In the data that follows, find the line with "A woman smelling"; transcribe it, every later line up to the one with "Vintage sparkly heart", and that line as well, exactly and with no others.

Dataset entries
════
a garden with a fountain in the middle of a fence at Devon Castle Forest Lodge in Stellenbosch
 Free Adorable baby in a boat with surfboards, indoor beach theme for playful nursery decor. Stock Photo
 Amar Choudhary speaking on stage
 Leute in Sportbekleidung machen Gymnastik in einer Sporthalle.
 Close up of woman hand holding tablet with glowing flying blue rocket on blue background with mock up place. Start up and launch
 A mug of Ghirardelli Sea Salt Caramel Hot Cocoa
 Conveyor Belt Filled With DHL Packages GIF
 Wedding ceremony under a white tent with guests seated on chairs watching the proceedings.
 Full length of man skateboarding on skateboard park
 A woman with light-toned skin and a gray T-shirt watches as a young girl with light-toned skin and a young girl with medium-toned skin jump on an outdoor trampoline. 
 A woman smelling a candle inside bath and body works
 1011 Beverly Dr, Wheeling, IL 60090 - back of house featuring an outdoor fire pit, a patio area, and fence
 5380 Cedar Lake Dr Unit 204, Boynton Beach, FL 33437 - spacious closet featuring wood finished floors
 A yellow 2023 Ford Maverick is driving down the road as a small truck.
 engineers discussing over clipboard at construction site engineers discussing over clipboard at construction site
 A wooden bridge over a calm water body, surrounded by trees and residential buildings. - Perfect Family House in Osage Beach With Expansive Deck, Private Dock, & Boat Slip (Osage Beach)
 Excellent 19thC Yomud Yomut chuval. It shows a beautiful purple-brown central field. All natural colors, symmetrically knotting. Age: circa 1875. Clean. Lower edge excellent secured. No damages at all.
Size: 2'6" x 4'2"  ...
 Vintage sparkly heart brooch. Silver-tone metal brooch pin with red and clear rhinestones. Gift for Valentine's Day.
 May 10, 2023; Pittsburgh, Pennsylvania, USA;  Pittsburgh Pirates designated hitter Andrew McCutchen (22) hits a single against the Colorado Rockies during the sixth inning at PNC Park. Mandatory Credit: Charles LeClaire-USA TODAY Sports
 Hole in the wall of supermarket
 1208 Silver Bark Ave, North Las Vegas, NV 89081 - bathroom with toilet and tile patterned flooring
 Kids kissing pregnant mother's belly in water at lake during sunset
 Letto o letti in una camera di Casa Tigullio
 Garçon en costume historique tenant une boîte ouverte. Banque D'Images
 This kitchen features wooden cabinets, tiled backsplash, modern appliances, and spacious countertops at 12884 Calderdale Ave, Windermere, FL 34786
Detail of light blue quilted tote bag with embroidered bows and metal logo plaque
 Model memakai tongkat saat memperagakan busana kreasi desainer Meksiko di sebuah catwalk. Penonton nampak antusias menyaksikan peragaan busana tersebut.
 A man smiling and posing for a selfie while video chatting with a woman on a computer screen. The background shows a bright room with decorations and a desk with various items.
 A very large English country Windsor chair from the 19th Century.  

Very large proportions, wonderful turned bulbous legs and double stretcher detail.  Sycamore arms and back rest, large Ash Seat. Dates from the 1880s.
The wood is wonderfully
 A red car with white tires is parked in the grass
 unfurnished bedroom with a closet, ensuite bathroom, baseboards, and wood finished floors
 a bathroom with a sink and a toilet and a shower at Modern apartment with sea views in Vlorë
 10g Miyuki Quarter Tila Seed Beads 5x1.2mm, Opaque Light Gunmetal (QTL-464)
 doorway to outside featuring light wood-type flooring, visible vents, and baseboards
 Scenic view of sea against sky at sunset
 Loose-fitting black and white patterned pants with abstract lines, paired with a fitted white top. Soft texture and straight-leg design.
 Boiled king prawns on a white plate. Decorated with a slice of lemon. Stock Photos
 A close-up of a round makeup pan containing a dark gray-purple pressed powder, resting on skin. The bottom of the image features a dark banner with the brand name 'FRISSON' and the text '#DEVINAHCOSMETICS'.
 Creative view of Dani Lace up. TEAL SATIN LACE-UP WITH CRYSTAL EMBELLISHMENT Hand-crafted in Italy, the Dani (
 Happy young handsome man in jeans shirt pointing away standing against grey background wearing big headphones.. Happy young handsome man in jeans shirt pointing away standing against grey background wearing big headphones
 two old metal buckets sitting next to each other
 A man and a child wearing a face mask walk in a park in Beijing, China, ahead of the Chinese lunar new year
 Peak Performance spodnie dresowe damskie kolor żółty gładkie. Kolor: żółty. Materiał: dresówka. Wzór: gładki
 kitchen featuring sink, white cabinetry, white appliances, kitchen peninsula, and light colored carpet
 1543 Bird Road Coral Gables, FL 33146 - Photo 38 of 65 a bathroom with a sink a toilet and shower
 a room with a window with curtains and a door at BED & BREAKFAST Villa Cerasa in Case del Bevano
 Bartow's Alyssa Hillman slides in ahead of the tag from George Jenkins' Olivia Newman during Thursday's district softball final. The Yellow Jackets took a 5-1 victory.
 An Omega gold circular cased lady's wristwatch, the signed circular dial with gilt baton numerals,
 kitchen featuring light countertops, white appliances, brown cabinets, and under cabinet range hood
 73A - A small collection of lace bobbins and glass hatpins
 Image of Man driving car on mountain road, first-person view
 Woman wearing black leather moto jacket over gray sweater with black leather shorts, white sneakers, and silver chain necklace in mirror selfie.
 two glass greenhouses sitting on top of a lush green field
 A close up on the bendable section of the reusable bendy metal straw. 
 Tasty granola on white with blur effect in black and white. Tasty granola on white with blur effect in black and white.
════
● Finished task
 A woman smelling a candle inside bath and body works
 1011 Beverly Dr, Wheeling, IL 60090 - back of house featuring an outdoor fire pit, a patio area, and fence
 5380 Cedar Lake Dr Unit 204, Boynton Beach, FL 33437 - spacious closet featuring wood finished floors
 A yellow 2023 Ford Maverick is driving down the road as a small truck.
 engineers discussing over clipboard at construction site engineers discussing over clipboard at construction site
 A wooden bridge over a calm water body, surrounded by trees and residential buildings. - Perfect Family House in Osage Beach With Expansive Deck, Private Dock, & Boat Slip (Osage Beach)
 Excellent 19thC Yomud Yomut chuval. It shows a beautiful purple-brown central field. All natural colors, symmetrically knotting. Age: circa 1875. Clean. Lower edge excellent secured. No damages at all.
Size: 2'6" x 4'2"  ...
 Vintage sparkly heart brooch. Silver-tone metal brooch pin with red and clear rhinestones. Gift for Valentine's Day.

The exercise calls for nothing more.